● Activity:
Drop the pictures and repeat exactly from the "Wedding Program Personalized" line down to the last line of the entries below.

● Available records:
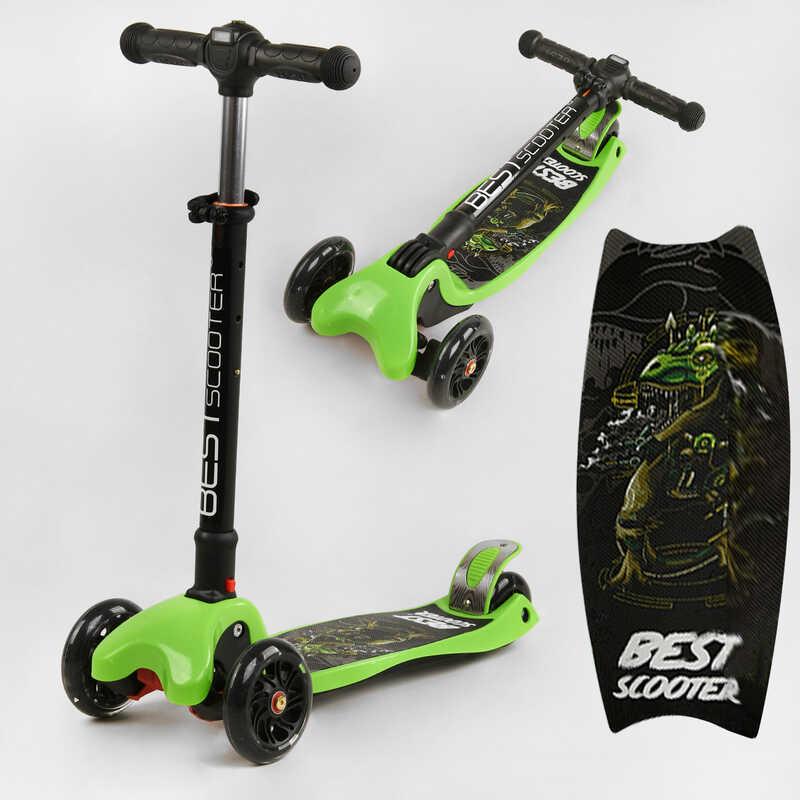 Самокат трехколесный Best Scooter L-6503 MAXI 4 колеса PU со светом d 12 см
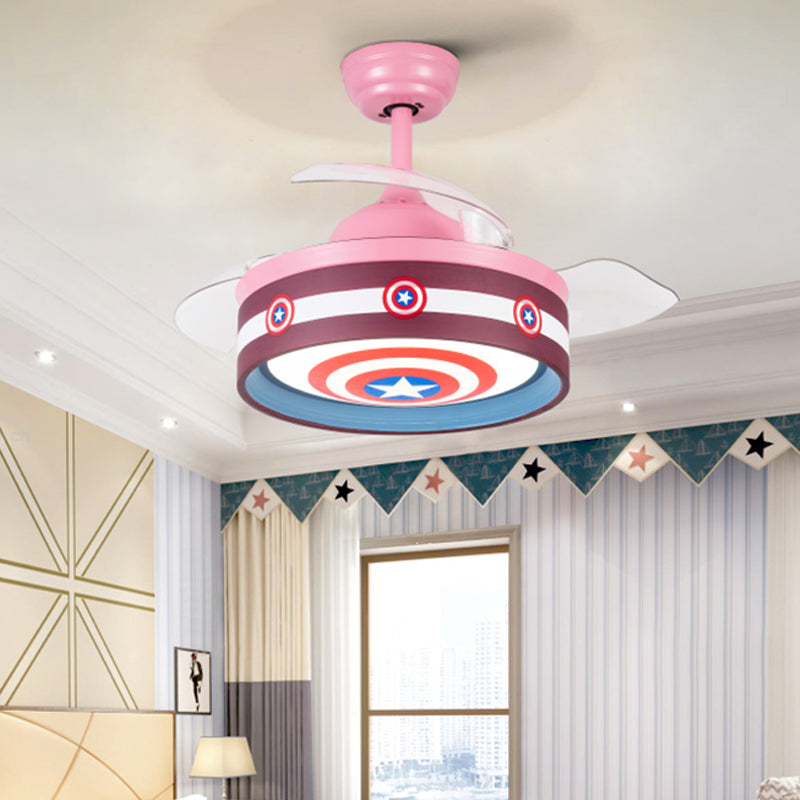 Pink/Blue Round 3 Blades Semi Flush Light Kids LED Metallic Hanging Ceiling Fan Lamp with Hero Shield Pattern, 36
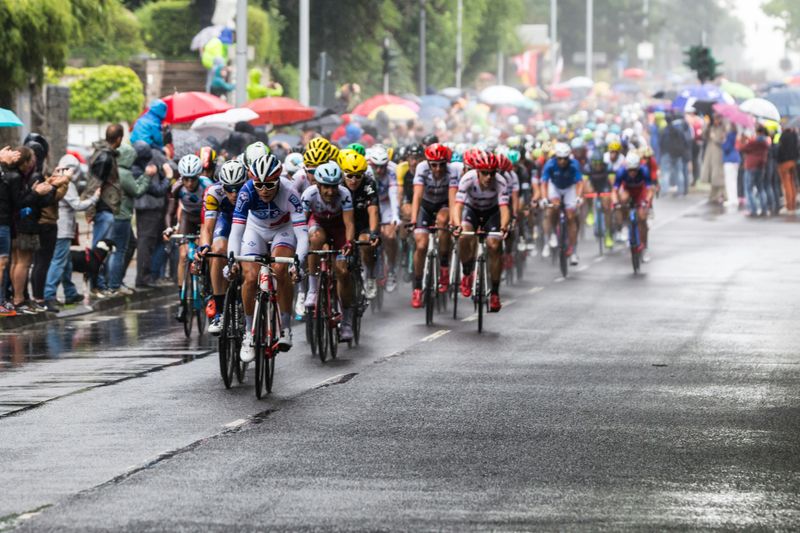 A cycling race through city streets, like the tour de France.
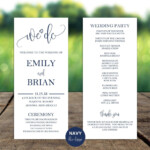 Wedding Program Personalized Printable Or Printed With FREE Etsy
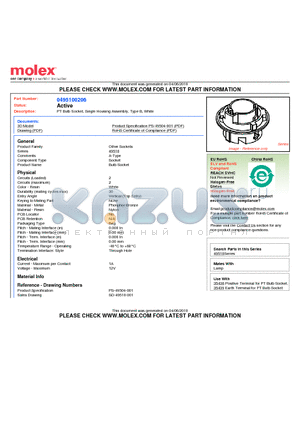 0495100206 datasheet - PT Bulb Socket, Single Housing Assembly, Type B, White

● Task response:
 Wedding Program Personalized Printable Or Printed With FREE Etsy
 0495100206 datasheet - PT Bulb Socket, Single Housing Assembly, Type B, White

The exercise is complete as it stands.